It’s around about the sixth month into college life when you begin to accept that those people at parties quoting a movie called Spinal Tap, aren’t going to desist. You either live in blissful ignorance or succumb and watch the damned thing. The cult that has grown up around the movie makes it easy to overlook the fact that it is indeed very funny. Still.
Tap fans decreed last Friday, 11/11/11, as ‘Nigel Tufnel Day’ (do we need to explain why?). To mark the event, the august Brooklyn Academy of Music screened the movie, followed by a live Skype Q&A with Christopher Guest (Nigel Tufnel) and Harry Shearer (Derek Smalls).

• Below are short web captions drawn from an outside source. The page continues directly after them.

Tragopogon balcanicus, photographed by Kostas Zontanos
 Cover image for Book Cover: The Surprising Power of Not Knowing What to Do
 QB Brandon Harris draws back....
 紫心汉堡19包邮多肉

The Observer dropped by.
The crowd was largely made up of ardent fans however, there were also a fair number of Tap virgins, “This is a little embarrassing,” said Matthew Goldman sheepishly, “I played in a band for 20 years and never saw the movie, everyone says ‘You’ve never seen Spinal Tap!’”
Mike Amato, at the other end of the spectrum, reported that he had “seen it first when I was a kid, I can recite every word.” He explained why it’s still so funny for him “I don’t think it would be as hysterical if they were mocking something they disdained, I think they secretly like the music they are lampooning.”
So the lights went out and the 16mm—shipped from France, o0h la la—was greeted by smiling faces from the first frame. Afterwards, an impressively faultless Skype feed projected two very large Christopher Guest and Harry Shearer heads, both as dryly funny as we expected. Those in attendance were so enamored after the movie that they gushed and laughed at almost every utterance or facial expression of both men.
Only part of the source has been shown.